Monday morning, Feb. 21, 1676, Medfield suffered [138] an Indian attack. The warriors seem to have arrived during the preceding night, and under cover of its darkness were placed in admirable positions in and over almost every part of the town, when at the first dawn of day, as if upon a signal previously agreed on, fifty buildings at the same instant were set into a blaze. The inhabitants, as they left their blazing dwellings, were saluted with bullets that came from the fire-arms of Indians secreted behind fences, walls, houses, barns, trees and bushes, and several were shot down before they could reach the garrison houses. One man was burned in his own dwelling. King Philip, mounted on a black horse, led his warriors in person, and history says that he never stopped to take down bars or open gates, but rode over fences to whatever part of the battle-field his presence was most required. About fifty buildings and two mills were burned, involving a loss that in the currency of our own time would be nine thousand dollars. Rev. Increase Mather, writing at the time, said that all this destruction was dealt by the Indians at Medfield, "although there were two or three hundred Souldiers there," and these soldiers finally brought a cannon to bear upon the Indians, causing them to fall back. Only about five hundred Indians are supposed to have been engaged, and if the English had from two to three hundred soldiers in fortified houses, supplied not only with small arms but also with cannon, this on the part of the Indians was in a military point of view a brilliant achievement. As the Indians fell back they burned a bridge to prevent pursuit, and then going to the top of an adjacent hill, that overlooked the scene of their operations, sat down to a feast upon the fat things they had just taken as a spoil from their enemies.

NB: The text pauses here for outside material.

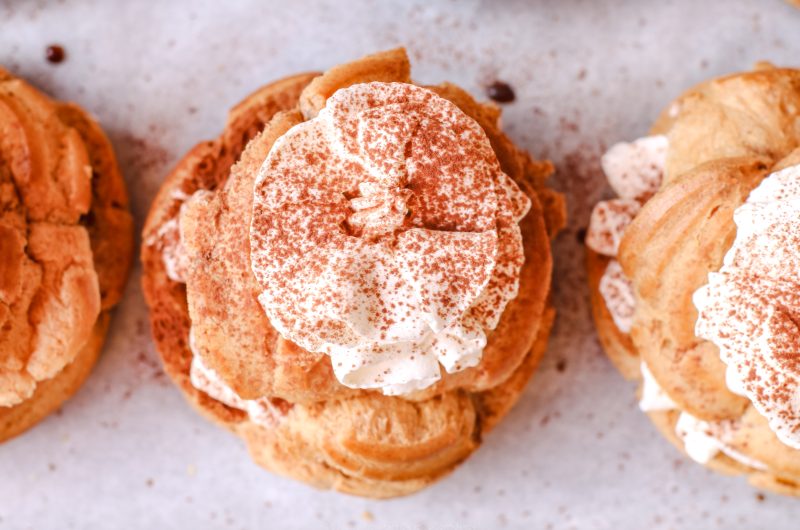 Zeppole al tiramisù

Among the English slain at Medfield, were Lieut. Henry Adams, John Bowers, John Bowers, Jr., Thomas [139] Mason, Zechariah Mason, Jonathan Wood and Elizabeth Smith, all of Medfield; William Williams and John Cooper, of Boston; and Edward Jackson, of Cambridge. John Fusell of Medfield, said to have been one hundred years old, was burned in his house. Wounded, - Margaret Thurston, Samuel Thurston, Daniel Clark and Timothy Dwight, probably of Medfield; and John Gilbert, Jr., of Boston. (See Sanders's Century Sermon, and Mass. Archives).